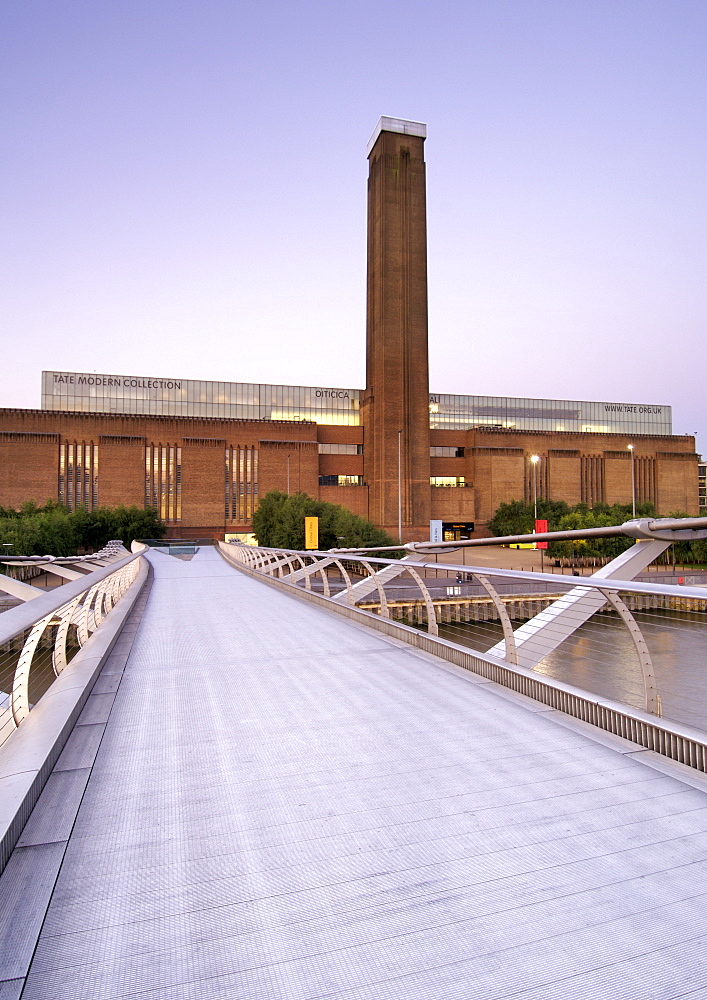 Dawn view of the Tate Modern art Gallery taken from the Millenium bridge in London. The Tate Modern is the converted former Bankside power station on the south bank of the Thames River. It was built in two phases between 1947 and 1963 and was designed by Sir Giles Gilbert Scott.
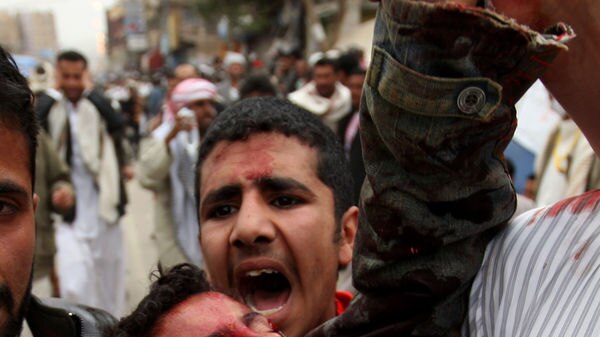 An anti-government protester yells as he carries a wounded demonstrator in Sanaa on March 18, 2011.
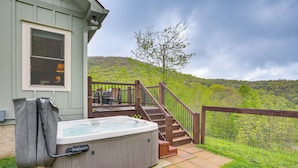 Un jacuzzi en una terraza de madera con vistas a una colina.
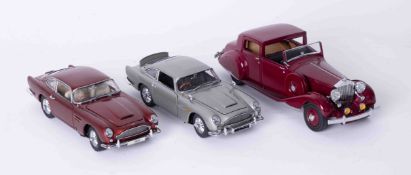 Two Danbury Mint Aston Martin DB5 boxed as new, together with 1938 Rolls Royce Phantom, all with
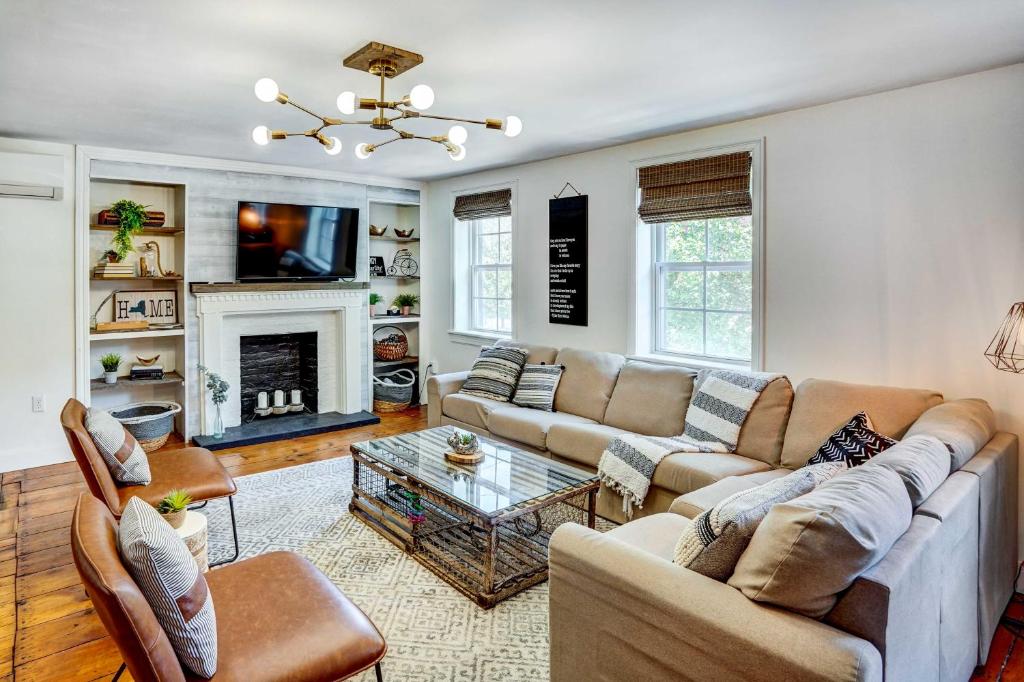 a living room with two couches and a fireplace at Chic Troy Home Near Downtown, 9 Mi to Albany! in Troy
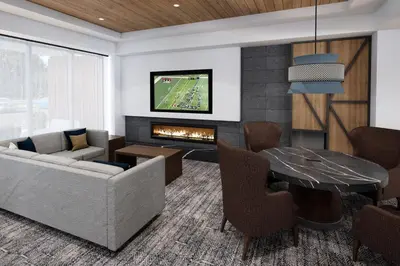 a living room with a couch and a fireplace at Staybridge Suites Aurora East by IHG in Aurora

════

● Exercise aim: Your answer must be an exact copy of every entry, with the pictures left out.

● Written solution:
 Dawn view of the Tate Modern art Gallery taken from the Millenium bridge in London. The Tate Modern is the converted former Bankside power station on the south bank of the Thames River. It was built in two phases between 1947 and 1963 and was designed by Sir Giles Gilbert Scott.
 An anti-government protester yells as he carries a wounded demonstrator in Sanaa on March 18, 2011.
 Un jacuzzi en una terraza de madera con vistas a una colina.
 Two Danbury Mint Aston Martin DB5 boxed as new, together with 1938 Rolls Royce Phantom, all with
 a living room with two couches and a fireplace at Chic Troy Home Near Downtown, 9 Mi to Albany! in Troy
 a living room with a couch and a fireplace at Staybridge Suites Aurora East by IHG in Aurora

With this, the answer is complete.